I am studying a definition of an extensive category:
An extensive category is a category $E$ with finite coproducts such that pullbacks of finite-coproduct injections along arbitrary morphisms exist and finite coproducts are disjoint and stable under pullback.
I would like to verify my understanding of the part "pullbacks of finite-coproduct injections along arbitrary morphisms exist": Let $f_A:A \to C$ and $f_B:B \to C$ be arbitrary morphisms.
Does that part imply that there exists a pullback $P$ with some morphisms $p_A:P \to A$ and $p_B:P \to B$ such that $f_A \circ p_A = f_B \circ p_B$?
Are these morphisms $p_A$ and $p_B$ (called) finite-coproduct injections?
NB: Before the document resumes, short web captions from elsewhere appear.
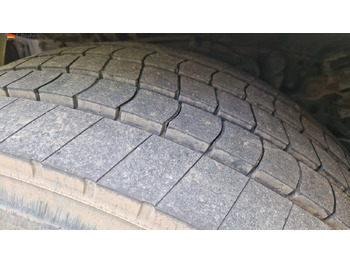 شاحنة كرين, شاحنات مسطحة Mercedes-Benz 2541L Baustoff mit HIAB 122, Palettengabel Lift-Lenkachse, mp3: صور 2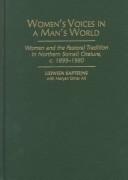 Cover of: Women's voices in a man's world by Lidwien Kapteijns
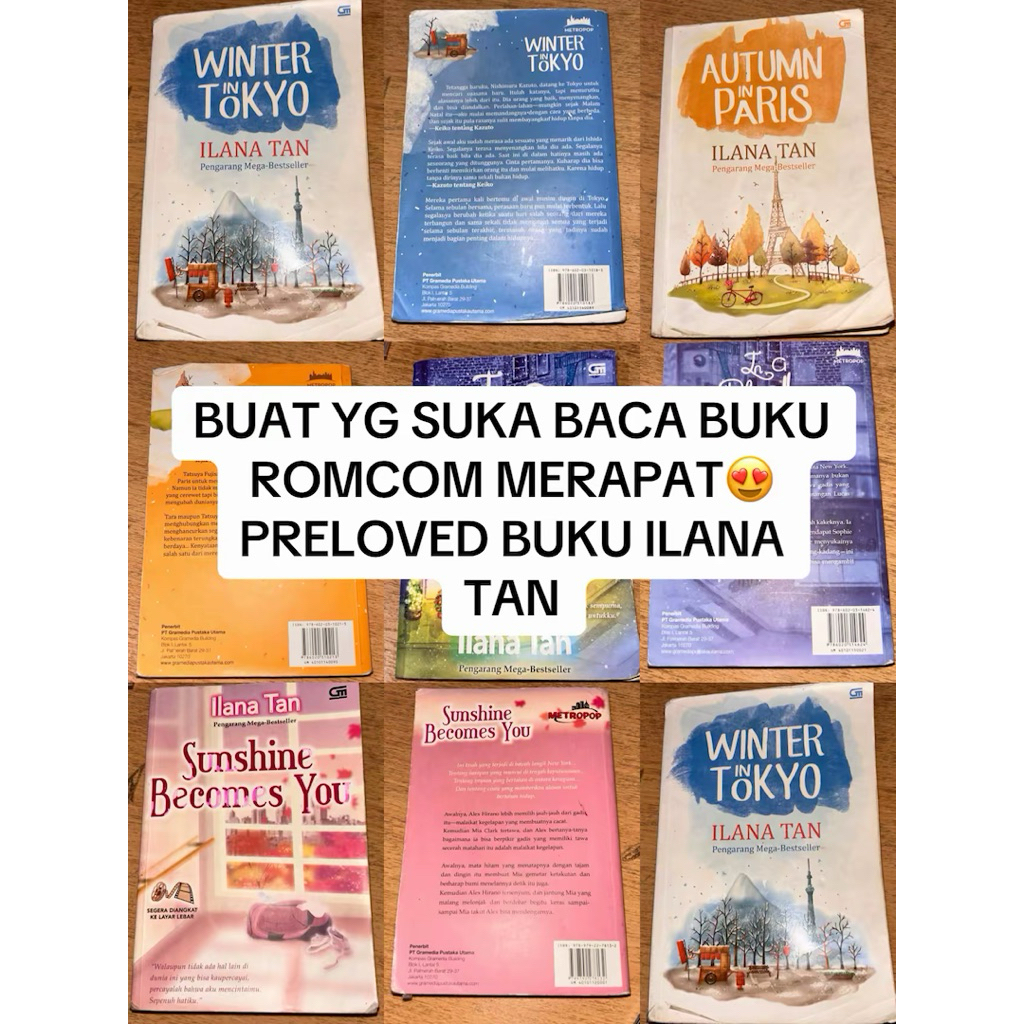 PRELOVED SERIES ILANA TAN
But then how does their finite-coproduct relate to the pullback $P$?
To be honest, I think I am lost. If I could see the words transformed to the symbols, it would remove ambiguity and uncertainty for me.
Thanks to Zhen Lin for his comment, here is what I believe is the correct interpretation of the words and phrases having been unclear to me.
i) The pullback of the morphism $f_A:A \to C$ along the morphism $f_B:B \to C$ is the morphism $p_B:P \to B$ where $\langle P, p_A, p_B \rangle$ is the pullback, i.e. $f_A \circ p_A = f_B \circ p_B$ where $P$ is universal.
ii) Then the sentence "pullbacks of finite-coproduct injections along arbitrary morphisms exist" means the following: Let $i_A:A \to A \coprod B$ be a coproduct injection and let $f:D \to A \coprod B$ be an arbitrary morphism. Then the pair of the arrows $\langle i_A, f \rangle$ has a pullback.